** Available data follows **

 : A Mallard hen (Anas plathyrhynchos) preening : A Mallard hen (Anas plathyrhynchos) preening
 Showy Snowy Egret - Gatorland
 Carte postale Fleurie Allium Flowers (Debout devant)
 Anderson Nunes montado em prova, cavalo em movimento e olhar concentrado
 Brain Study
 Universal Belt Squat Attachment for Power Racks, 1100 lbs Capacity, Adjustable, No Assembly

** End of Available data **
** Available data follows **

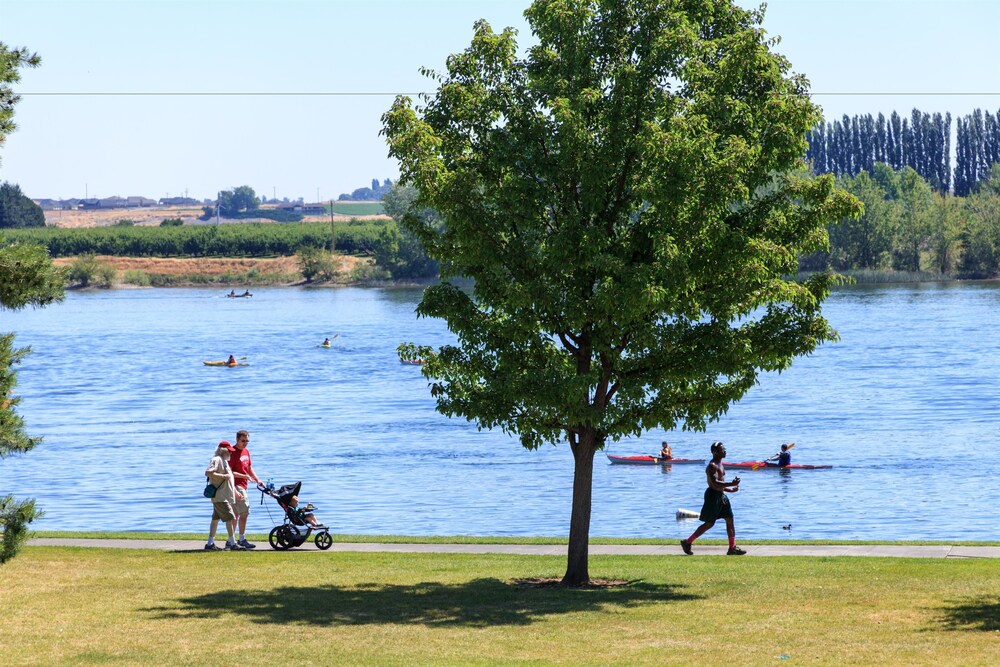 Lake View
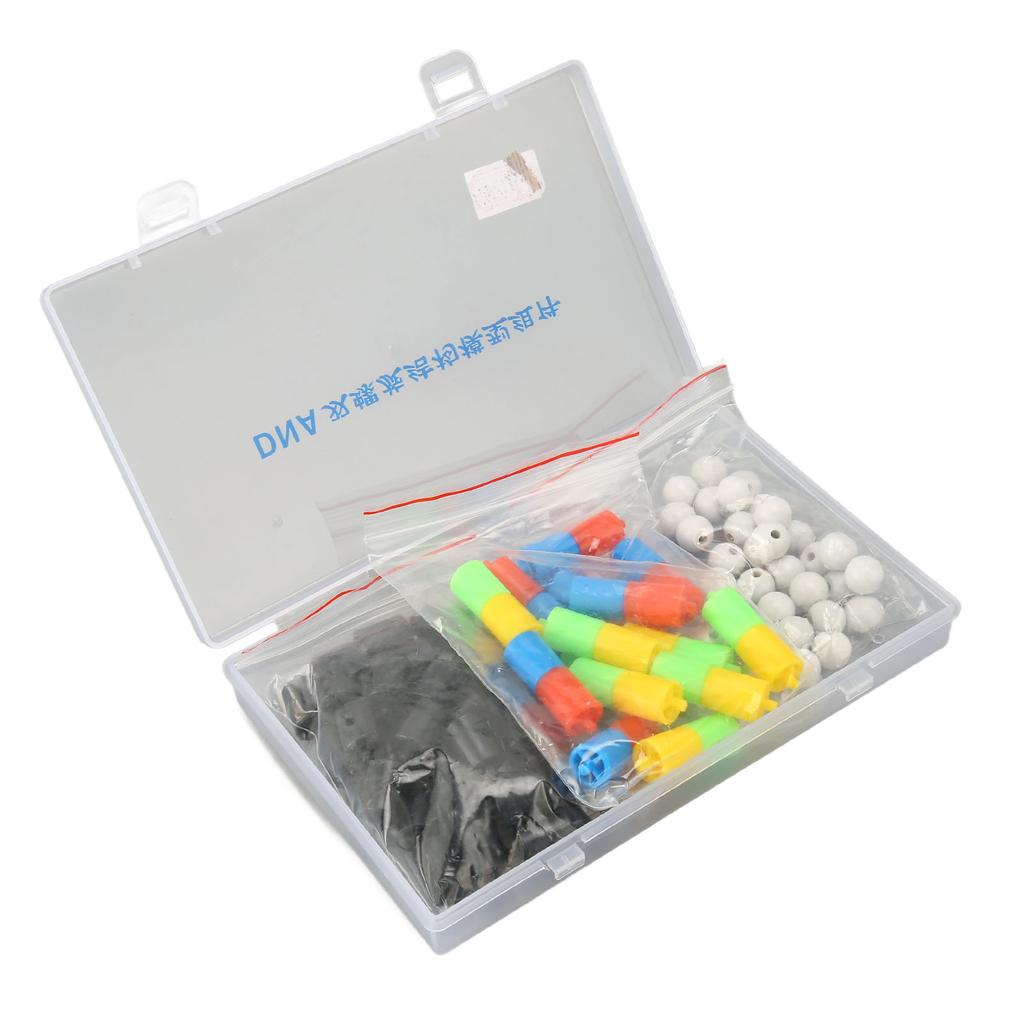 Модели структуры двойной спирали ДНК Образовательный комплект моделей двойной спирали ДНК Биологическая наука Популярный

** End of Available data **

## Instructions for the task
Retype, exactly and in full, the lines above from the one containing "Carte postale Fleurie" through the one containing "Universal Belt Squat".

## Exercise response
 Carte postale Fleurie Allium Flowers (Debout devant)
 Anderson Nunes montado em prova, cavalo em movimento e olhar concentrado
 Brain Study
 Universal Belt Squat Attachment for Power Racks, 1100 lbs Capacity, Adjustable, No Assembly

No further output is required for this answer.